I just got back from a visit to the dentist. DEAR….LORD. I’ll try to recap it accurately. First off, I had to use the restroom. When the mission was complete, I walk out of the restroom to find the hygienist waiting for me outside the door with her chart. That wasn’t awkward at all. Then she takes me to this robot that’s going to “take X-rays.” Yeah….right. The thing is spinning around my head at Mach 5 and she tells me, “If it bumps you, try to remain still.” I could tell this was going to be a long appointment.
Next thing I know, I’m sitting in the chair where she proceeds to “check my gums.” The dentist walks in next and says, “Hey Trav, how the hell ‘ya doin?” Hmmm….let’s see here. “Well, your lovely assistant here just finished poking my gums with a needle-sharp instrument just to see if I would bleed. How the hell do you THINK I’m doing?” Turns out I bled in 22 places. They would like to get that number down to 10. You know what? So would I. I told them that if they only want me to bleed in 10 places, they need to only poke me in 10 places. It’s simple arithmetic people.

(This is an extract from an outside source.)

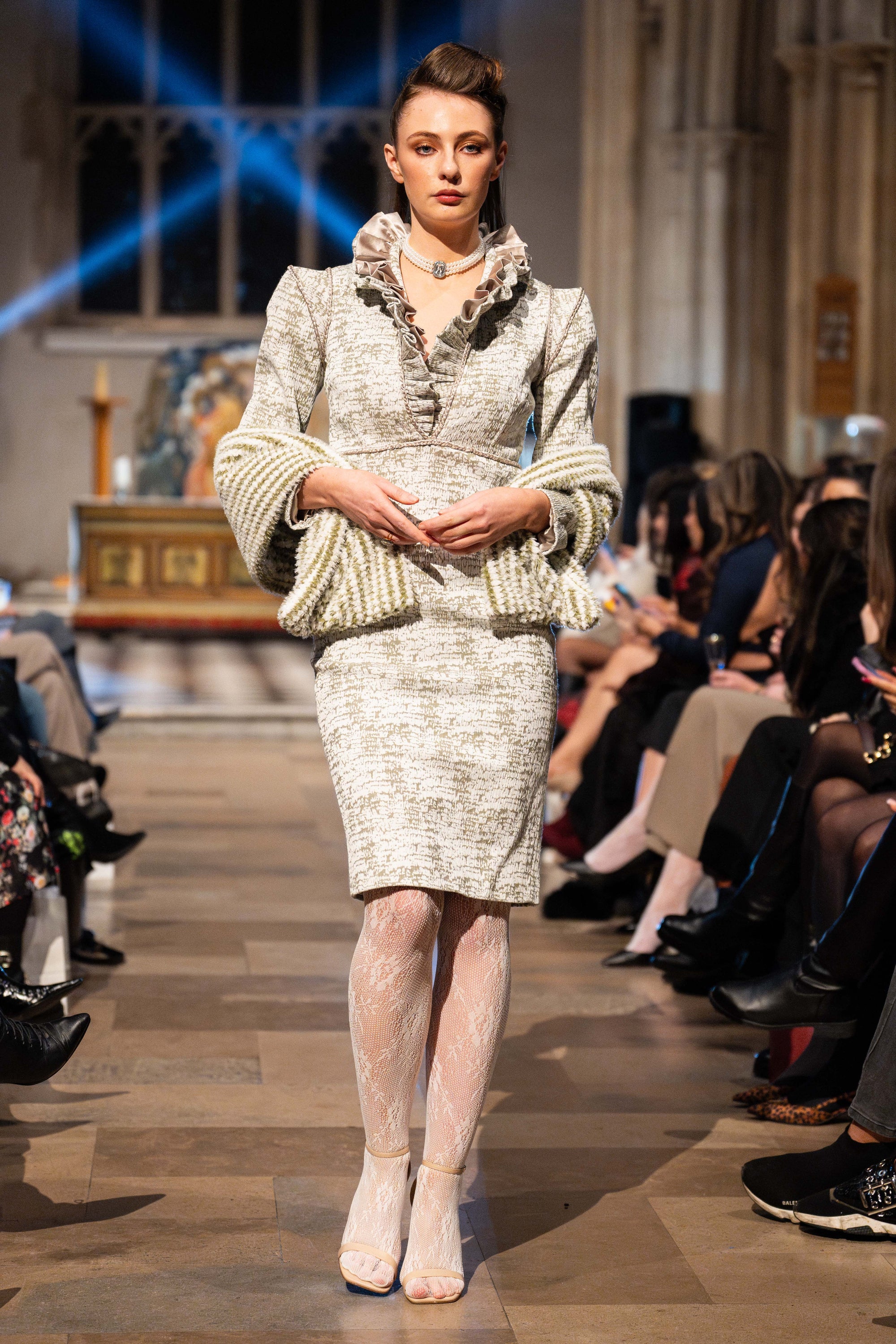 Model walking on a fashion show runway wearing a patterned outfit.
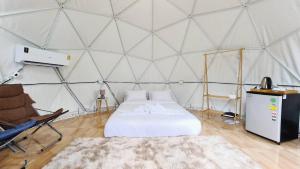 a bedroom with a bed in a tent at Greatland Glamping Khao Yai Resort in Ban Khanong Phra Tai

Here’s another question. What do you do with your hands while on the table? Normally, when people are being tortured, they are at least given a stick to bite down on. It’s common courtesy, really. But since the pain is coming from the area said stick would be placed, that’s not really an option. So I am forced to use my hands to express the pain I’m in. Normally this involves making a tight fist…just in case something goes down. The hygienist said to tell her if I’m in any pain by raising my hand….like I’m going to be the one sissy who actually does that! So instead, I just sat there, playing with my wedding ring, wondering what would happen to my wife and child if I didn’t make it.
Well, that’s about it. In closing, I believe that dentists have no soul. I’m sure they’re good people, just empty inside. I would love to be proven wrong, but experience tells me otherwise.